EXERCISE OBJECTIVE: Word for word, please copy the listing below, with its pictures left out.

::: PROVIDED DATA

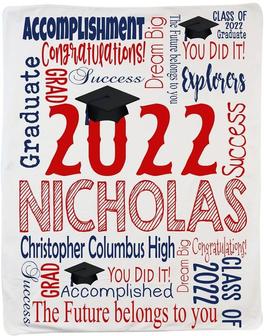 Personalized Custom Graduation Throw Blanket for Adults and Teens - Thegiftio UK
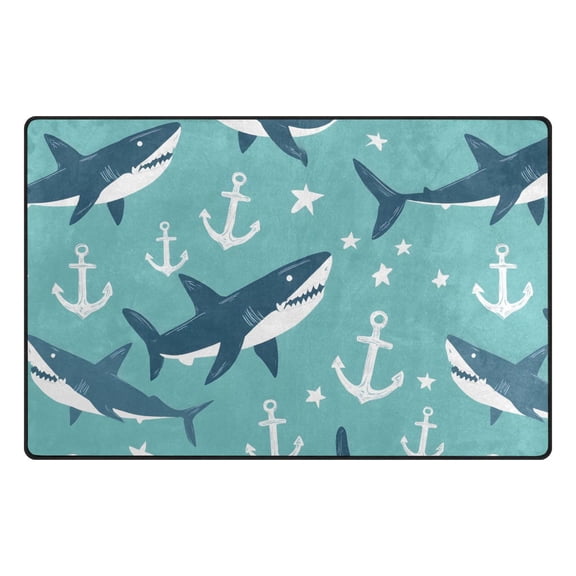 Shark Boat Anchor Memory Foam Area Rug 31"x20" Non Slip, Absorbent, Fade Proof for Living Room, Bedroom, Office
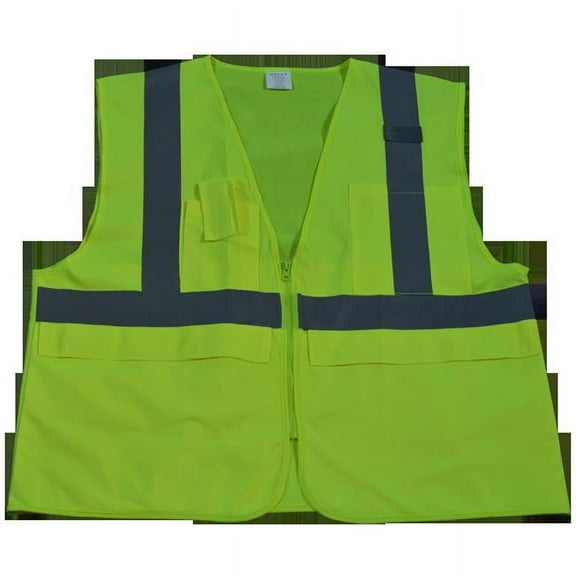 Petra Roc LV2-SUV-S-M Safety Vest Ansi Class 2 Multi-Pocket Surveyors Lime Solid, Small & Medium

::::::

SOLUTION TO THIS PROBLEM:
 Personalized Custom Graduation Throw Blanket for Adults and Teens - Thegiftio UK
 Shark Boat Anchor Memory Foam Area Rug 31"x20" Non Slip, Absorbent, Fade Proof for Living Room, Bedroom, Office
 Petra Roc LV2-SUV-S-M Safety Vest Ansi Class 2 Multi-Pocket Surveyors Lime Solid, Small & Medium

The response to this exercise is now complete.